Despite my lack of natural musical ability, I began the painful and joyous experience of learning to play the accordion about seven and a half years ago. It’s been a sick addiction ever since. And from the moment I started squeezing the bellows, my dog Sunny was by my side.
She dug accordion music. Seriously.
She would be blissfully napping upstairs and the instant I hit the first few chords, I’d hear that familiar click clack of doggy nails as she raced down the stairs. Seconds later she’d be lying by my feet. Then after a while, when she’d had enough, she’d gently put her paw on my thigh and give me the look that it was time to put the squeeze box away. Once, while walking her (something we did twice a day, every day, for nearly 13 years), I heard the strains of accordion music in the distance–hardly a daily occurrence in Richmond, Virginia. She took off in hot pursuit. I, of course, had no choice but to follow.
She dragged me up some rather steep steps to the front porch of a row house, where I was forced to give an awkward hello to the barefooted dude playing accordion. “Hi there! Pay no attention to us. We just accidentally walked 12 feet up your front steps from the sidewalk way down below to to say hey.” I explained to him that my dog liked accordion music and he thought that was cool. Sunny and I both sat there for a good while and listened. That was a good day–one of so many with her.
My husband and I lost our remarkable dog to rapidly spreading liver cancer just 3 weeks ago. Because I loved her so very much, I knew her eventual loss would be heart wrenching. I had no idea just how much it would actually hurt.
To help me process my grief and allow me to focus not on her death but on the immense joy she brought to my life, I created a slideshow of her adventures. My choice would have been to accompany these photos with the music of John Hiatt and his oh so fabulous song, Just My Dog and Me. But since his copyright lawyers would have been quick to snatch that up from YouTube, I used recordings of me playing music (and some music of my friends) as a soundtrack instead. Sunny would dig the fact that it’s mostly accordion.

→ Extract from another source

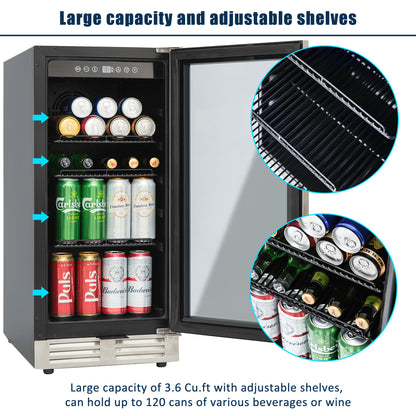 Built-in and Freestanding 15" Mini Beverage Refrigerator/Wine Cabinet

Please forgive my woefully inadequate sound editing in iMovie. I’m still learning.
Accordions rule but accordion-loving dogs rule more.
Dogs are our link to paradise. They don’t know evil or jealousy or discontent. To sit with a dog on a hillside on a glorious afternoon is to be back in Eden, where doing nothing was not boring—it was peace.
—Milan Kundera
Sunny is really a person in a dog suit. And one day I’m going to find the zipper.